I have a Silverlight 4 application which has a leaky ViewModel class. I have confirmed this by using WinDbg and the !gcroot command on my ViewModel type. I was unable to pin point the exact cause of the memory leak but have attempted to resolve it by using the following line of code in the corresponding view when it is closed:
HtmlPage.Window.Navigate(new Uri(MyTopLevelUri));
This forces the app to restart and hence the RootVisual is reinitialised. Now when I use WinDbg I can see that there are no more references holding onto the ViewModel class after the View has closed.

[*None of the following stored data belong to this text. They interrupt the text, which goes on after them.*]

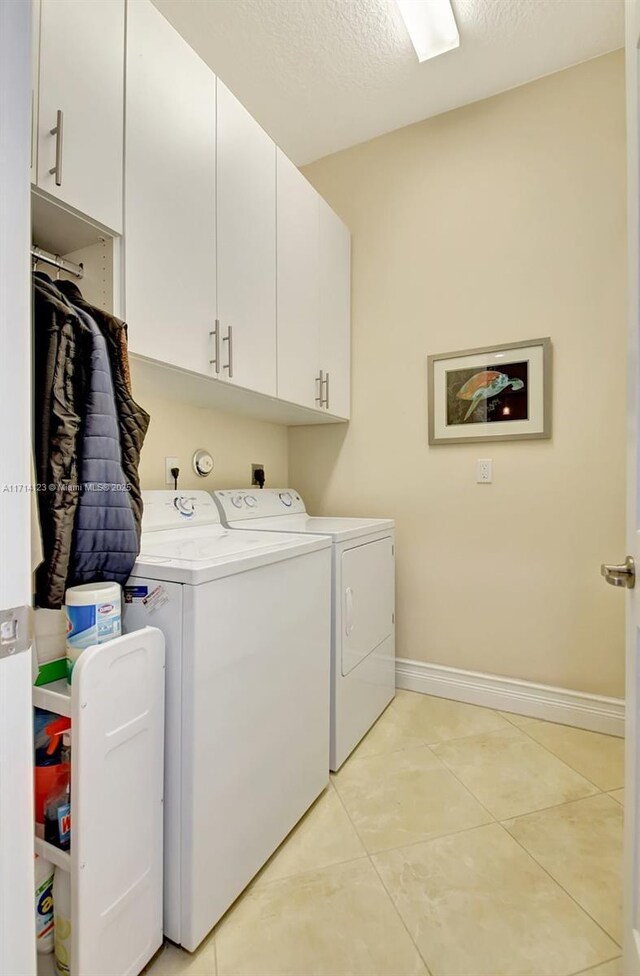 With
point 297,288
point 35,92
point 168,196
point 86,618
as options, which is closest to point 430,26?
point 297,288

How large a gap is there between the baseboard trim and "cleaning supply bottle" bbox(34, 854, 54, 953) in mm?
1761

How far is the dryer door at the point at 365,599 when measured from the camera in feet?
5.68

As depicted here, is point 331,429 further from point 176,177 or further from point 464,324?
point 176,177

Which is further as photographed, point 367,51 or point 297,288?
point 297,288

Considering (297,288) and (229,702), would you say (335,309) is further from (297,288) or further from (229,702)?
(229,702)

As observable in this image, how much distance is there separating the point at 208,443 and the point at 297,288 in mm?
804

However, when I monitor the memory use of the app (using SysInternals) it continuously increases. Sometimes it may drop slightly but if I keep opening and closing the suspect View I eventually end up with a private byte memory set of over 1,000,000K. Also, even if I add code to force the GC, it never truly recovers all the memory allocated. Should I be worried?
Are there inherent memory leaks with SL4 and the controls? I don't have much faith given the patch that was released recently to fix memory leaks with DataTemplates (version 4.0.60129.开发者_运维知识库0 http://timheuer.com/blog/).
It appears that the answer to my original question (are there inherent memory leaks with SL4?) is indeed yes!
http://forums.silverlight.net/forums/t/211504.aspx
https://connect.microsoft.com/VisualStudio/feedback/details/649246/usercontrol-resources-memory-leak-silverlight-4-0-60129-0
The two leaks described in the links above have apparently been fixed in SL5.